What went wrong was that the engine didn’t shut down again.
To this day, no one knows exactly why that happened. The instruments worked fine, there were no shorts in the wiring, and before you ask, no, there wasn’t any indication of human error. The best theory is that a valve stuck in the locomotive’s primary ignition chamber, causing the engine to keep firing even after the pilot sent a signal up the wire for the engine to shut down.
We’ll probably never know for sure. Whatever the reason, it remains one of three unsolved mysteries behind the wreck of the No. 4.
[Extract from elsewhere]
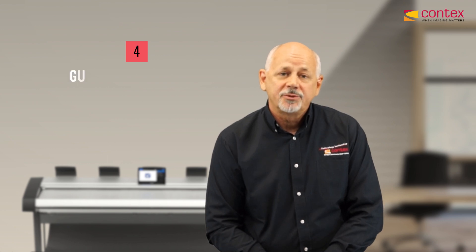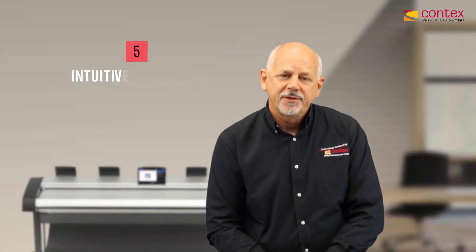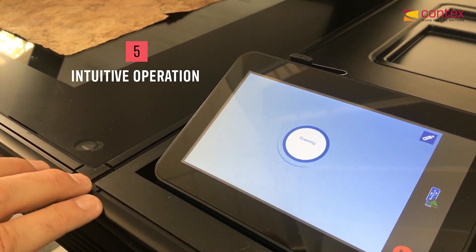Guide plate options, which allow you to scan anything thick, thin, rigid, or pliable. And a simple and intuitive interface, allowing even the newest operator confidence when he walks up to the scanner.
I realized we were in trouble when the train remained under thrust longer than it should have. I’d ridden the train enough times to know that there’s a distinct series of events that must occur during a successful flight, and if any of them doesn’t occur when it’s supposed to, it means that something is seriously screwed up. So when we still had 1-g in the car after the sixty-second period of the translunar engine burn, I unsnapped my seat harness and skedaddled up to the control room.
Floyd, Rich, and Joe were all over the instrument panels wh
en I came in. No one was panicking—they were too well-trained for that—but they weren’t taking it lightly either. So I grabbed a safety rail and watched as they tried to correct the problem, until Floyd finally managed to engage the stand-by system and shut down the engine.
By then, it was too late. The locomotive had been firing for just over three minutes, and thus our velocity was almost sixty percent higher than it should have been. That meant two things. First, the fuel reserve was depleted by nearly one-quarter; we’d reach the Moon, but we wouldn’t have enough fuel to get home. Second, our higher speed would cause us to reach our destination sooner than anticipated…and when Rich pulled out his slide ruler and ran the numbers, his recalculations showed us that the train would no longer slingshot around the Moon, but hit it straight on.
Fortunately, this sort of accident had been anticipated. The operations manual laid out the abort procedure: uncouple the car from the locomotive, then use the retro-rockets to send it back to Earth for emergency re-entry. Floyd radioed back home to tell them what was going on, and he hit the switch that would detach the tow cables and release the car.
And nothing happened.
This is the second unsolved mystery: why did the release mechanism fail? A lot of people think that it can’t be a coincidence, and over the years I’ve heard quite a few conspiracy theories. Everyone from the Germans to rival space companies to alien invaders have been blamed. Personally, though, I don’t believe sabotage was involved. Bad luck happens sometimes, not just once but twice.